Подобно тарану, подполковник вложил в свои бедра всю силу и устремился на профессора. Как оказалось, тот не был готов к подобному натиску. Не удержавшись, Дэйр отступил назад, но тотчас же пришел в себя, хотя и без особой уверенности, и противники встретились, разлетелись от удара при столкновении, снова сошлись, сцепились, размахивая руками, переступая с места на место, пытаясь найти удобное положение, оба настроенные на то, чтобы расправиться друг с другом. Это был не бокс; я видел бокс и восхищался его научным подходом. Здесь же не было никакой науки – только голая сила, приложенная против силы, ум, схлестнувшийся с другим умом. Через какое-то мгновение подполковник, применив прием, оказался под своим более крупным противником, обхватил его и швырнул на землю. Профессор упал изящно, откатился в сторону и тотчас же поднялся на ноги, лицом к противнику, не успевшему развить свое преимущество. Они снова сошлись, размахивая руками и ногами, дергая головами, пытаясь обмануть друг друга и что-то схватить. Я сообразил, что они слишком сблизились, чтобы обмениваться классическими ударами, поэтому все определялось силой захвата и скользким коварством освобождения.

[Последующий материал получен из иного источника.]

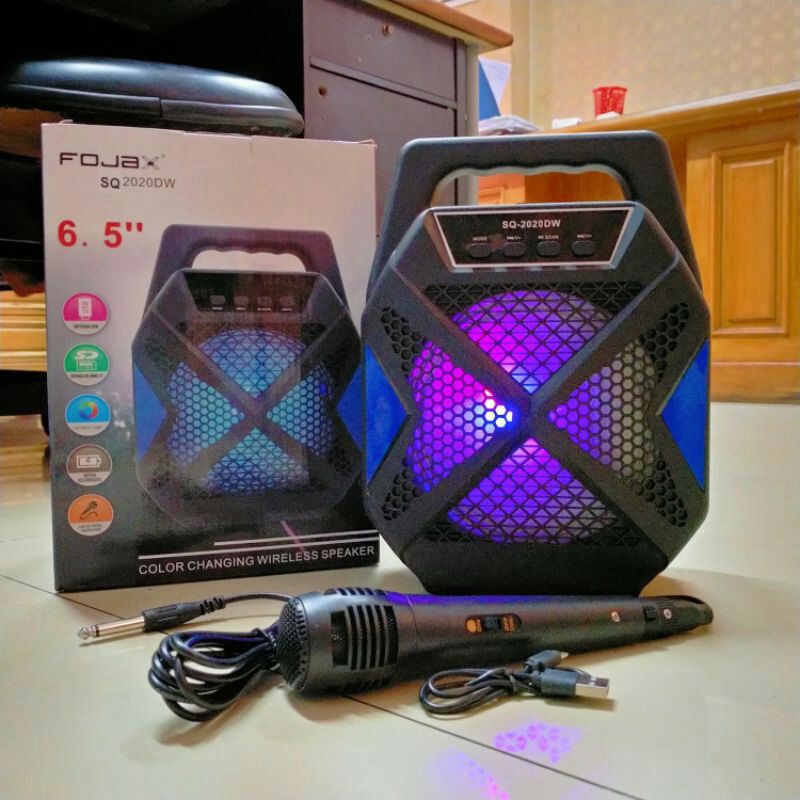 speaker fojak 6,5 inchi free mic karaoke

И это было ужасно. Оба лица были искажены в ярости, оба противника оскалились, глаза сузились в щелочки, сквозь которые противники оценивали друг друга, ища слабые места. Приблизившись, я услышал от профессора: «Обезумевший ублюдок! Чудовище!», который набросился на своего низкорослого противника; однако подполковник сумел освободиться от захвата, отскочил назад и, получив свободу, нанес Дэйру мощный прямой удар в грудь, отчего профессор выпрямился, но все-таки нанес в свою очередь удар, который пришелся Вудраффу в ухо, отбросив его голову назад.
Оба противника были настолько поглощены своим безумным напряжением, что даже не заметили мое присутствие. Я с разбега налетел на них, в последнее мгновение развернувшись, чтобы нанести удар плечом, отбросить их назад, заставить отпустить друг друга. Подполковник поскользнулся, но смог устоять на ногах.

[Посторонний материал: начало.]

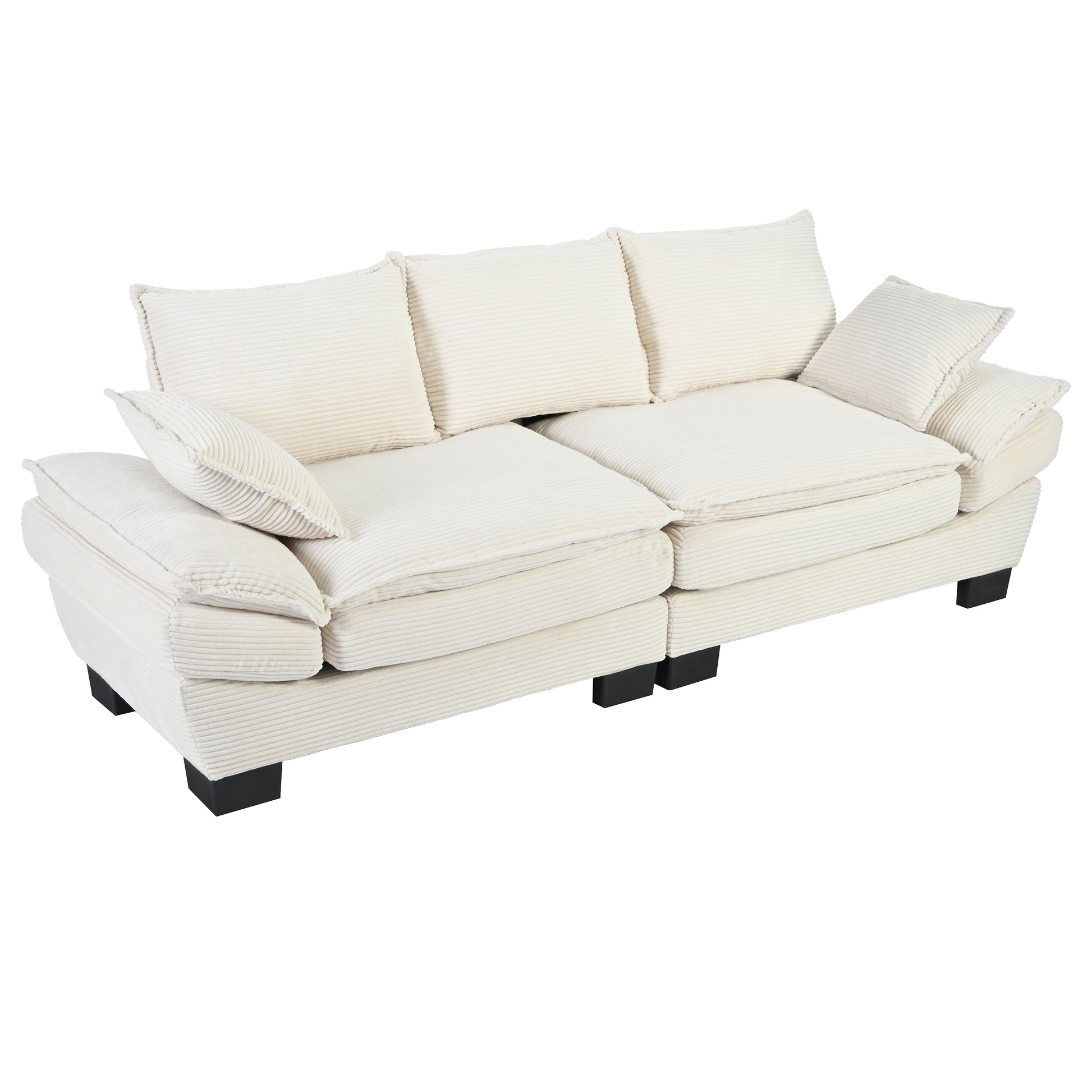 85.4" Modern Curved Sofa, Back Upholstered Couch With 2 Decorative Throw Pillows, Corduroy Fabric Couch For Living Room, Bedroomapartment Beige Corduroy 2 Seat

Я направил на него пистолет.
– Ни с места, сэр, или, видит Бог, я стреляю!
– У него есть союзник! – воскликнул подполковник, обращаясь к Всевышнему. – Он сумасшедший, но у него есть союзник!
– Слава богу, это вы, Джеб, – пробормотал профессор.

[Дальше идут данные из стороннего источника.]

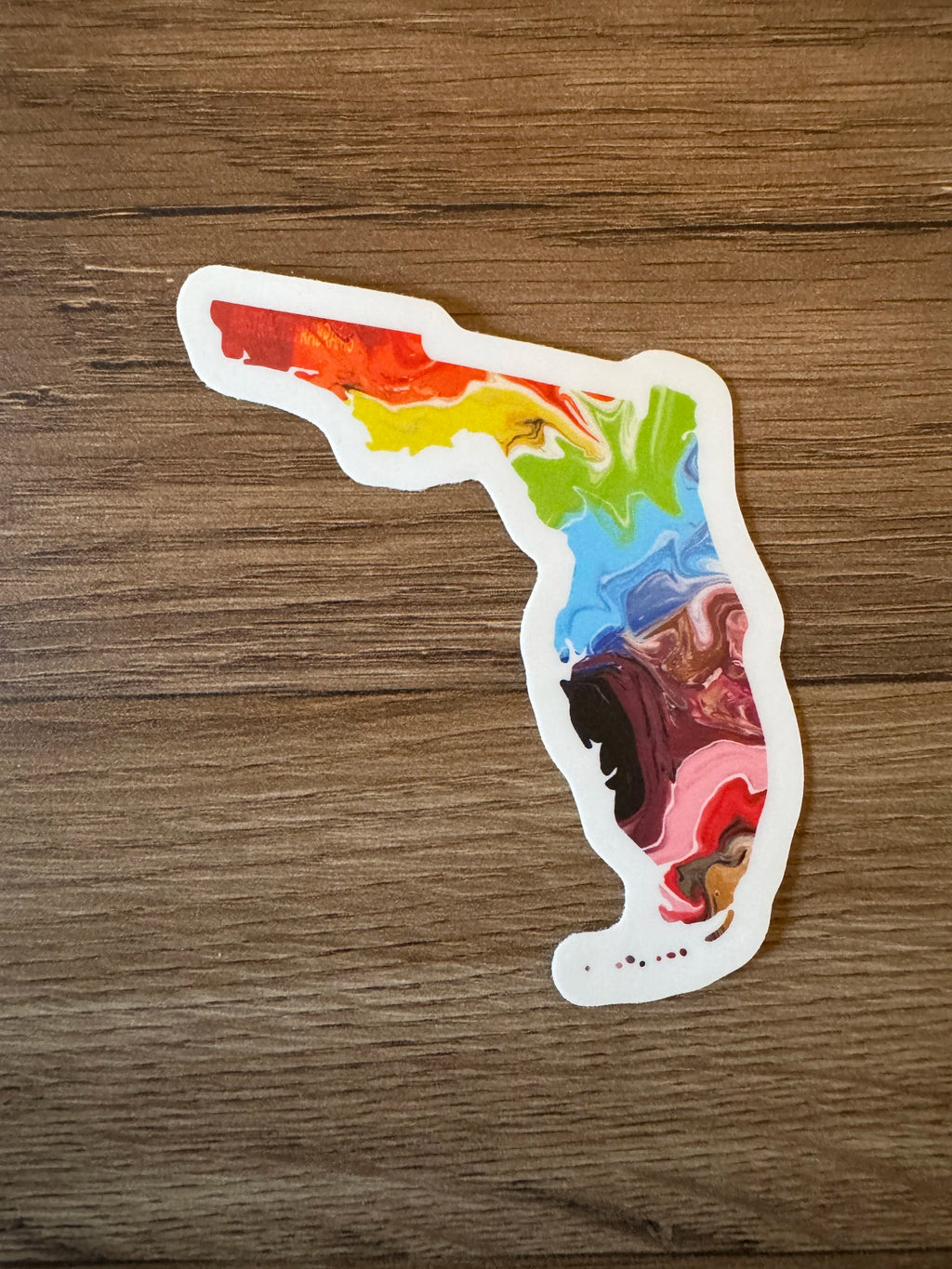 Florida State Shape Sticker - Trans Pride, Lesbian Pride and Progress Pride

– Сэр, отойдите в сторону, чтобы я не держал вас под прицелом! – сказал я.
Но тут подполковник метнулся ко мне, настолько стремительно, что его движения показались размытым пятном, и через мгновение я ощутил, что пистолет вырвали у меня из рук. Вудрафф развернул меня так, что я оказался между ним и профессором, который бросился ко мне, и на какой-то миг мы втроем сплелись, как скульптурные Лаокоон и его сыновья[66], в напряженной борьбе, пистолет превратился в змею, ради которой мы сражались между собой, и в какой-то момент подполковнику удалось вырваться из наших рук. Отступив назад, он нацелил на нас пистолет и воскликнул:
– А теперь, безумцы, назад, или, видит Бог, я разряжу в вас оба ствола!
Однако, разворачивая пистолет, чтобы навести его на профессора, он на мгновение замешкался, профессор что есть силы толкнул его обеими руками, подполковник не удержал равновесие, сорвался с платформы и с глухим стуком упал на рельсы, выронив пистолет.
Я собирался подобрать оружие, но как раз в этот миг подполковника озарило ослепительное сияние фары, и через какую-то долю секунды – не существует достаточно точных часов, чтобы измерить скорость происходящего – он исчез, а мимо нас со свистом и шипением промчался разъяренный паровоз, расплывчатый силуэт, огромное бронзово-бордовое чудовище, сверкающее и ревущее, скрежещущее всеми своими деталями, отбивающее неровный ритм поршнями, извергающее изо всех мест облака пара, клубы насыщенного серой дыма и снопы искр. Поезд проехал еще добрых сто ярдов вдоль платформы до полной остановки.